Afterwards, I tried to send 80 critiques to the workshop, but it was an overwhelming task and I could not send more than 20. As a result, he canceled my membership! (3 years ago).

However, fiction writing is the most difficult type of writing in all languages because the writer has to be familiar with many various words and phrases (not only in one field) and be able to create different characters and scenes and describe them masterfully. So in addition to being fluent in that language, he/she should be talented in story writing and have a potential mind in this field.
 
Yes, my purpose was the same.
I couldn't agree more.
I have seen the forums where you have to submit critiques before able to post yourself. I understand that they want to stop people from leaching and not add anything useful but 80 is quite a bit.

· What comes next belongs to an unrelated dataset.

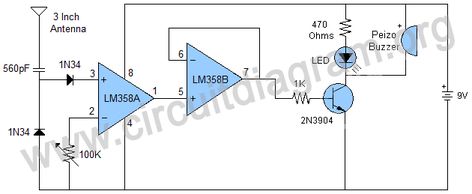 Here is a project of a very sensitive long range cell phone detector circuit using a LM358 IC. The circuit is capable to detect a cell phone from 10 to 12 meters away or more, the detection range is also depends on the cell phone you are using. Simple Electronics, Top Mobile Phones, Free Cell Phone, Phones For Sale, Electronic Schematics, Phone Deals, Electronic Circuit Projects, Best Mobile Phone, Cell Phone Repair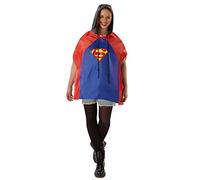 Rubie's Official Superman Festival Poncho, Adult Costume - One Size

Btw: your English has come a long way. The reply you wrote looks to me, as a non-native, pretty well written.
 
Btw: your English has come a long way. The reply you wrote looks to me, as a non-native, pretty well written.
Thank you for your graceful comments :)

Yes, it was a long way, and my slow progression has two reasons:

1- I never tried to learn English academically.

2- I always wrote according to my first language rules creatively! (There are some differences between the grammar and syntax structures of the two languages. Usually, my first language uses more comments that are considered redundant in English. Also, the places of words are different in the two languages more or less )

3- One of my problems had always been forgetting the "New Words" and " grammar rules in English due to my lower IQ (lol) or paying attention less in this aspect.